Repeat the records below exactly, line for line.

Raw data>

BEGIN

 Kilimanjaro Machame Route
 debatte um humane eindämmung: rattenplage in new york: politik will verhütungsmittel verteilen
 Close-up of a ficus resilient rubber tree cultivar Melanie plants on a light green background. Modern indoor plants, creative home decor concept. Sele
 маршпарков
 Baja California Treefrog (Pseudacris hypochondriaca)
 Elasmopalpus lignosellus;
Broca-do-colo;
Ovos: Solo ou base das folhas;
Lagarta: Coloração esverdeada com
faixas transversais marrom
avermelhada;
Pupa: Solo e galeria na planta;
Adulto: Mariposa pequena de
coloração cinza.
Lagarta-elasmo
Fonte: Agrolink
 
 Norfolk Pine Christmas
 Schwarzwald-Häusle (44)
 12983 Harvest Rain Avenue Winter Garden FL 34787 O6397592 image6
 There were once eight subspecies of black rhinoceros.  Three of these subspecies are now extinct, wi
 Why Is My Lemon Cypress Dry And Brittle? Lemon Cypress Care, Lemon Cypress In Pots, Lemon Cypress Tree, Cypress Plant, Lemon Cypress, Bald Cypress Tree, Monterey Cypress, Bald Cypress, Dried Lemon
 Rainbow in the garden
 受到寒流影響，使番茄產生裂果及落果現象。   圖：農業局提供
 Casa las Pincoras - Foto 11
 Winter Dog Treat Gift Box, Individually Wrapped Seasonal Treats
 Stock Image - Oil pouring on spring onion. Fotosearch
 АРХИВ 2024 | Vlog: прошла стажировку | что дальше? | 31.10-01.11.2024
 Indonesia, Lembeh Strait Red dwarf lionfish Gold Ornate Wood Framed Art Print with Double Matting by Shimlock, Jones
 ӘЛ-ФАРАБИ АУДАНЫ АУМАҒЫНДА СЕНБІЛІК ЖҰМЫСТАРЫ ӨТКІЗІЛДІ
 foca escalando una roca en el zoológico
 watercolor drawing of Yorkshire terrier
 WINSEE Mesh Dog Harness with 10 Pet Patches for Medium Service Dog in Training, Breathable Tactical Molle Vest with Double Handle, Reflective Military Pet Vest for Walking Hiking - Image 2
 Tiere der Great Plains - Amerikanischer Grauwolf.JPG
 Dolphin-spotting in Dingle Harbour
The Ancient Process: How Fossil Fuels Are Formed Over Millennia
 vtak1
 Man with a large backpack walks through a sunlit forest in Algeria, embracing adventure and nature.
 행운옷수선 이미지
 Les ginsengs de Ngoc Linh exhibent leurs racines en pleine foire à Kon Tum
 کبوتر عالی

END

Exercise result>
 Kilimanjaro Machame Route
 debatte um humane eindämmung: rattenplage in new york: politik will verhütungsmittel verteilen
 Close-up of a ficus resilient rubber tree cultivar Melanie plants on a light green background. Modern indoor plants, creative home decor concept. Sele
 маршпарков
 Baja California Treefrog (Pseudacris hypochondriaca)
 Elasmopalpus lignosellus;
Broca-do-colo;
Ovos: Solo ou base das folhas;
Lagarta: Coloração esverdeada com
faixas transversais marrom
avermelhada;
Pupa: Solo e galeria na planta;
Adulto: Mariposa pequena de
coloração cinza.
Lagarta-elasmo
Fonte: Agrolink
 
 Norfolk Pine Christmas
 Schwarzwald-Häusle (44)
 12983 Harvest Rain Avenue Winter Garden FL 34787 O6397592 image6
 There were once eight subspecies of black rhinoceros.  Three of these subspecies are now extinct, wi
 Why Is My Lemon Cypress Dry And Brittle? Lemon Cypress Care, Lemon Cypress In Pots, Lemon Cypress Tree, Cypress Plant, Lemon Cypress, Bald Cypress Tree, Monterey Cypress, Bald Cypress, Dried Lemon
 Rainbow in the garden
 受到寒流影響，使番茄產生裂果及落果現象。   圖：農業局提供
 Casa las Pincoras - Foto 11
 Winter Dog Treat Gift Box, Individually Wrapped Seasonal Treats
 Stock Image - Oil pouring on spring onion. Fotosearch
 АРХИВ 2024 | Vlog: прошла стажировку | что дальше? | 31.10-01.11.2024
 Indonesia, Lembeh Strait Red dwarf lionfish Gold Ornate Wood Framed Art Print with Double Matting by Shimlock, Jones
 ӘЛ-ФАРАБИ АУДАНЫ АУМАҒЫНДА СЕНБІЛІК ЖҰМЫСТАРЫ ӨТКІЗІЛДІ
 foca escalando una roca en el zoológico
 watercolor drawing of Yorkshire terrier
 WINSEE Mesh Dog Harness with 10 Pet Patches for Medium Service Dog in Training, Breathable Tactical Molle Vest with Double Handle, Reflective Military Pet Vest for Walking Hiking - Image 2
 Tiere der Great Plains - Amerikanischer Grauwolf.JPG
 Dolphin-spotting in Dingle Harbour
The Ancient Process: How Fossil Fuels Are Formed Over Millennia
 vtak1
 Man with a large backpack walks through a sunlit forest in Algeria, embracing adventure and nature.
 행운옷수선 이미지
 Les ginsengs de Ngoc Linh exhibent leurs racines en pleine foire à Kon Tum
 کبوتر عالی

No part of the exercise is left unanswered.